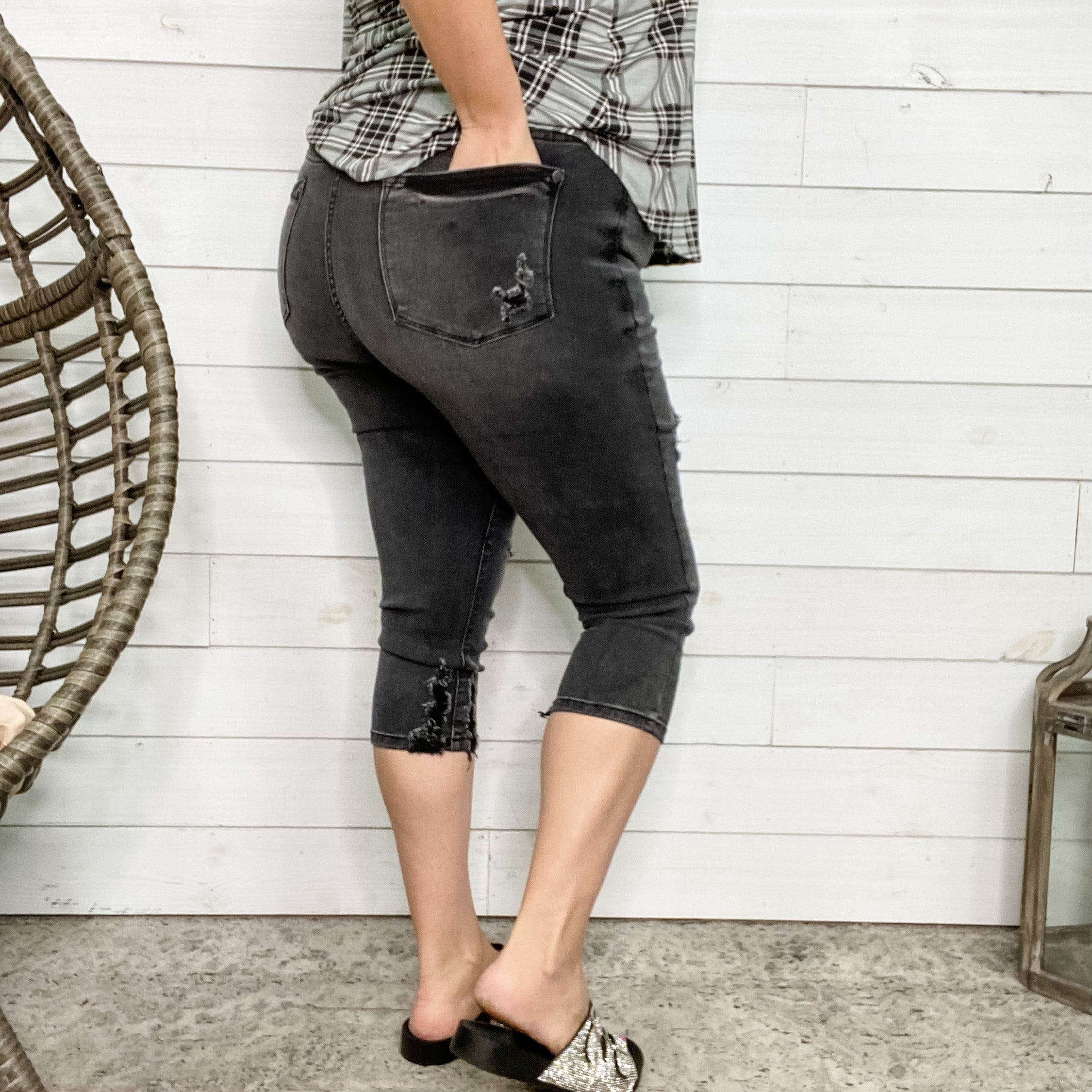 Judy Blue Midnight Destroyed Capris-Lola Monroe Boutique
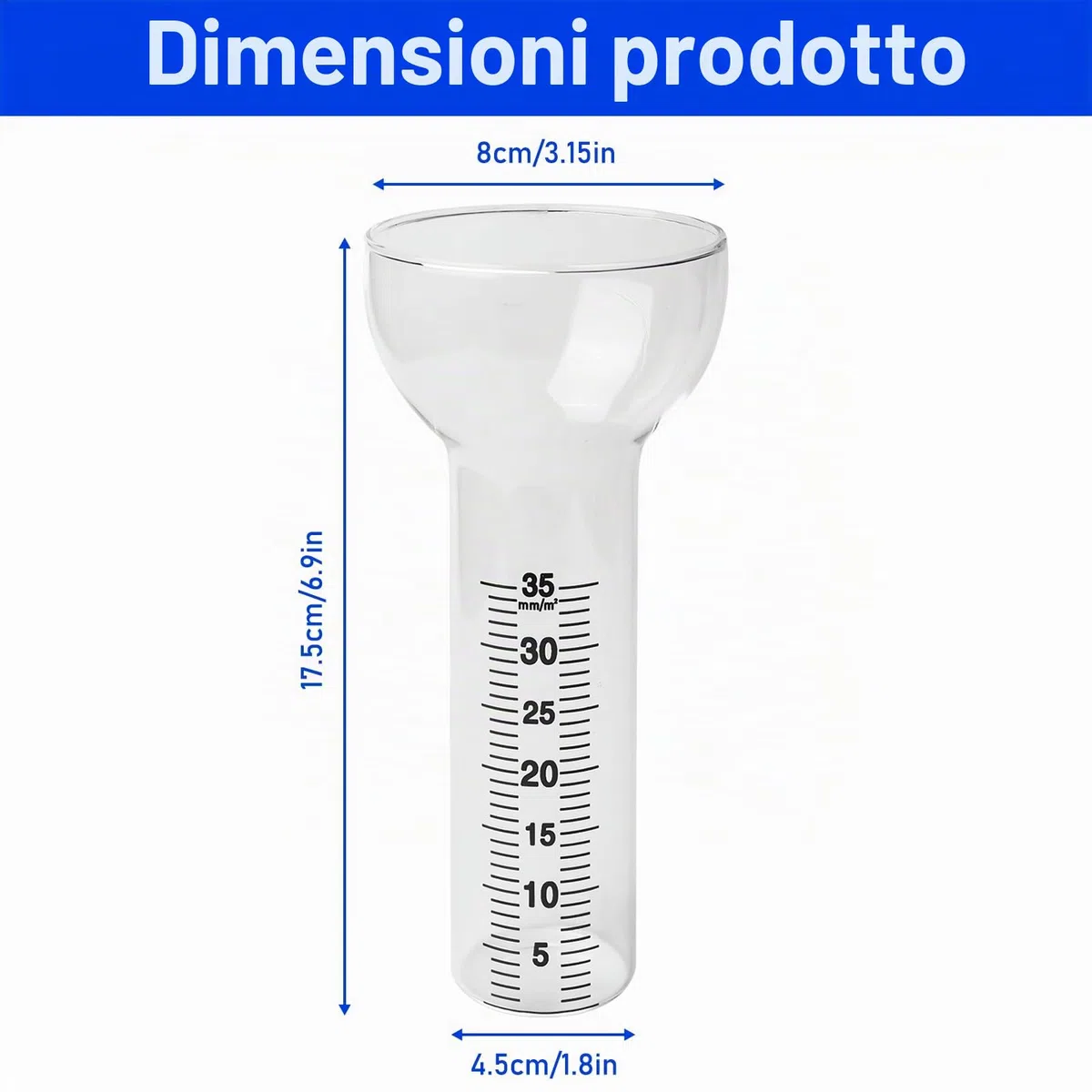 BAIFULAI 2 pluviometro antigelo, vetro di ricambio per misurazioni da 1 a 35 mm, pluviometro in vetro, Rain Gauge, a forma di imbuto per la visualizzazione dell'acqua da giardino all'aperto per la
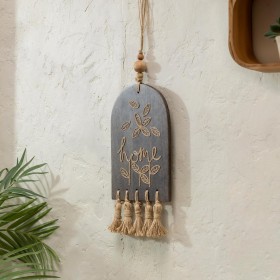  Zidna umjetnost za unutarnju upotrebu | Zidni znak Plow & Hearth od mango drva i jute, 23"V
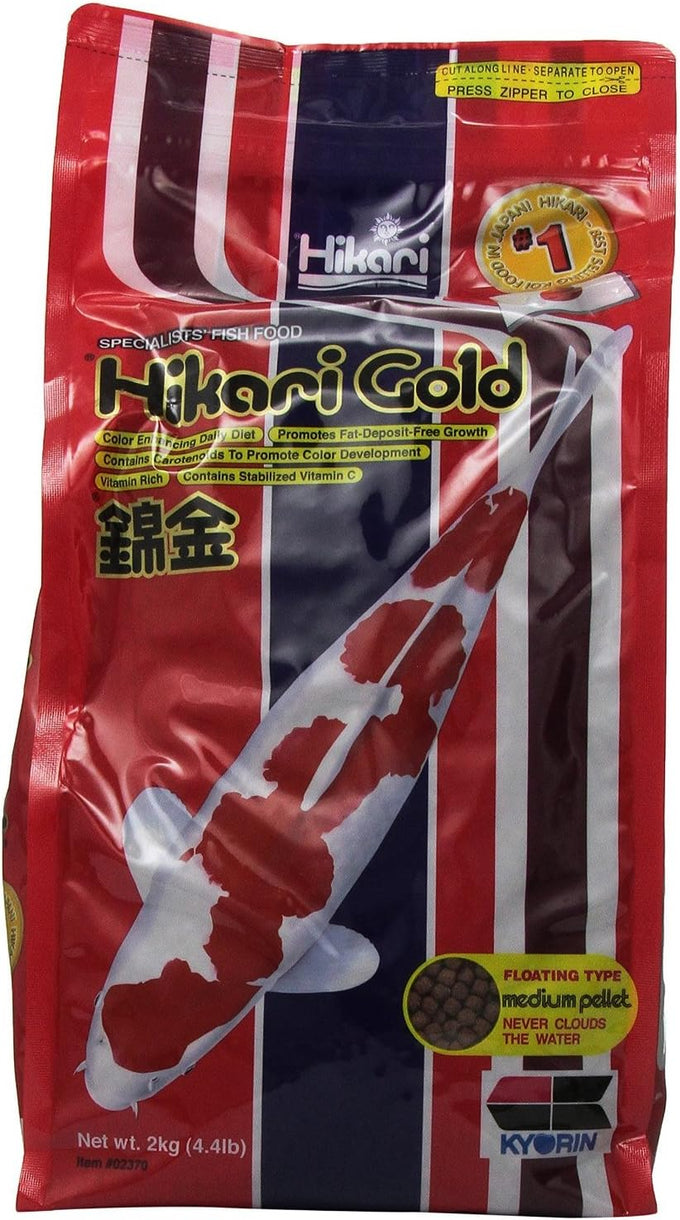 hikari usa inc gold koi food 4.4 lb medium for optimal color enhancement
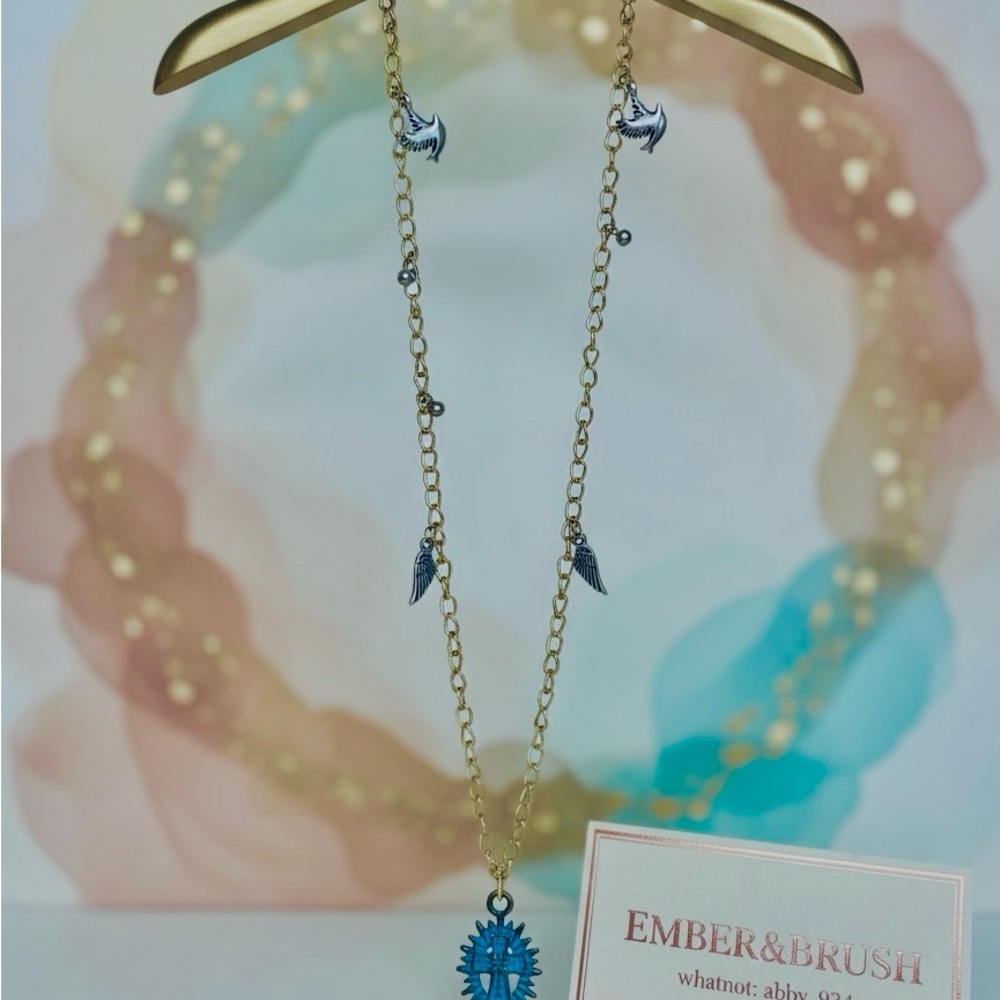 Gold and Blue Necklace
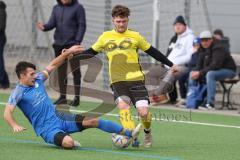 2024_2_17 - Saison 2023/24 - AUDI-Schanzer Amateur Cup - SV Hundszell - FC Hitzhofen/Oberzell  - Halbfinale 1 - Dominic Filser gelb Hitzhofen - Luca Kammerer
 blau Hundszell - Foto: Meyer Jürgen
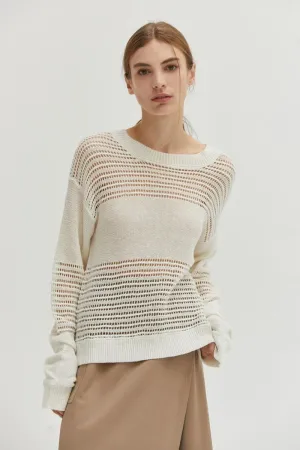 Donna Linen Cotton Mix Media Pull Over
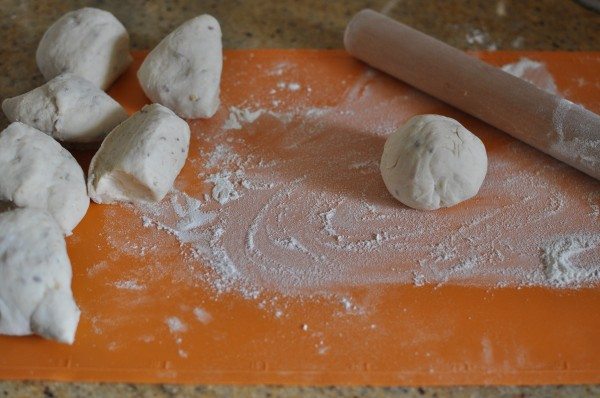 Rolling the dough balls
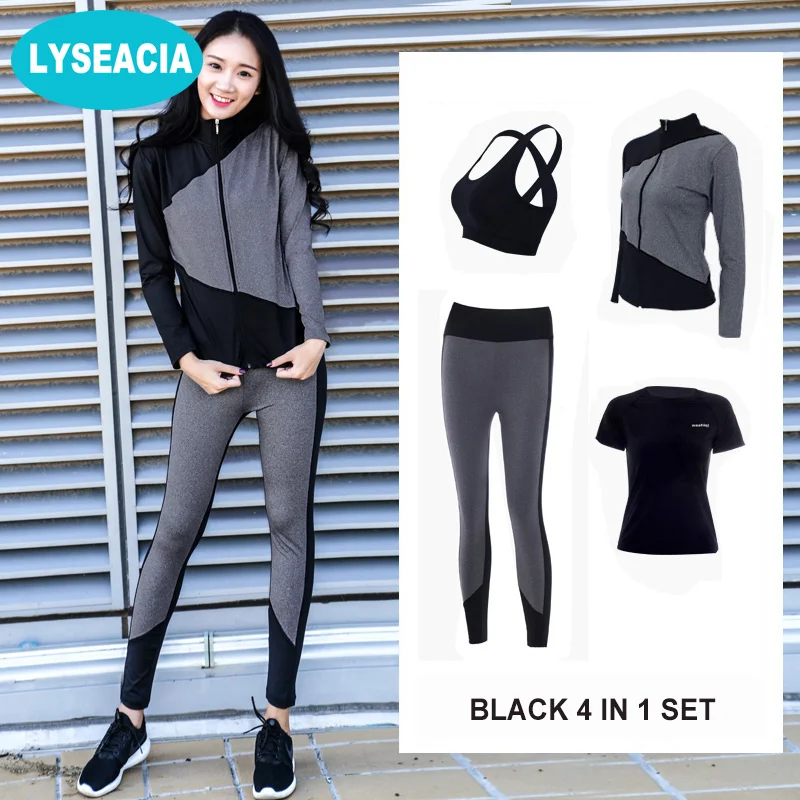 

4 IN 1 Breathable Sportswear Women Fitness Suit Patchwork Plus Size Sport Bra t-Shirt Zipper Jacket Leggings Sports Yoga Suit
◇ ◇ ◇
**Try it**
I would like the exact lines from the data above, starting with the one that holds "Zidna umjetnost za" and going on through the one that holds "Rolling the dough balls", without the pictures.

**Completed exercise**
  Zidna umjetnost za unutarnju upotrebu | Zidni znak Plow & Hearth od mango drva i jute, 23"V
 hikari usa inc gold koi food 4.4 lb medium for optimal color enhancement
 Gold and Blue Necklace
 2024_2_17 - Saison 2023/24 - AUDI-Schanzer Amateur Cup - SV Hundszell - FC Hitzhofen/Oberzell  - Halbfinale 1 - Dominic Filser gelb Hitzhofen - Luca Kammerer
 blau Hundszell - Foto: Meyer Jürgen
 Donna Linen Cotton Mix Media Pull Over
 Rolling the dough balls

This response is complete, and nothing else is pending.